The answer should be an exact repeat of the stretch of material below from the line containing "- thumbnail 2" through the line containing "GA license plate PVF5511".

• Extracted information:
*-*-*

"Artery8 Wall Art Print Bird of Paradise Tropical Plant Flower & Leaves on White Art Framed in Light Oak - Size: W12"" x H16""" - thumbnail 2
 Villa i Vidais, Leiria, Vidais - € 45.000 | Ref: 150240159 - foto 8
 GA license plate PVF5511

*-*-*

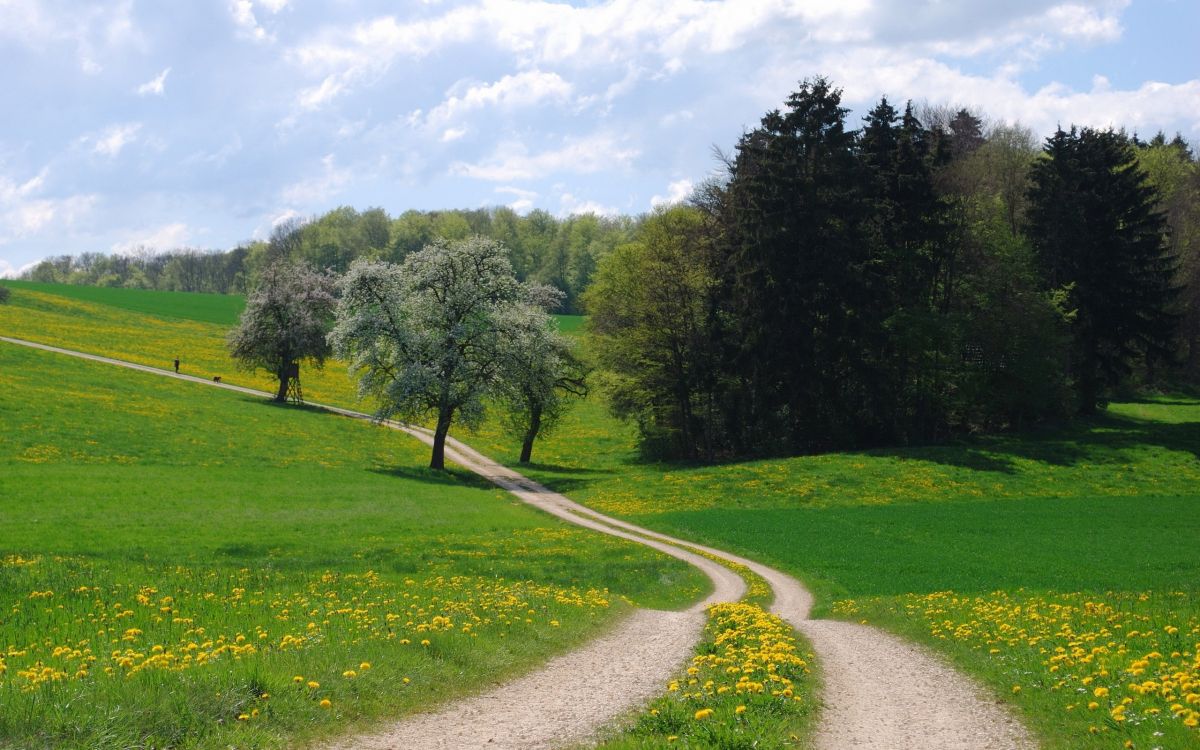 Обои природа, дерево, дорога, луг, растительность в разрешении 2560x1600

*-*-*

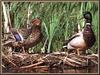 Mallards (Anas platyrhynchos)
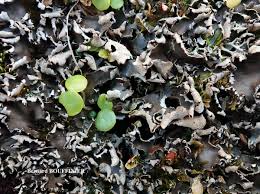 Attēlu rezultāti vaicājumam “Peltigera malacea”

*-*-*

• Task result:
"Artery8 Wall Art Print Bird of Paradise Tropical Plant Flower & Leaves on White Art Framed in Light Oak - Size: W12"" x H16""" - thumbnail 2
 Villa i Vidais, Leiria, Vidais - € 45.000 | Ref: 150240159 - foto 8
 GA license plate PVF5511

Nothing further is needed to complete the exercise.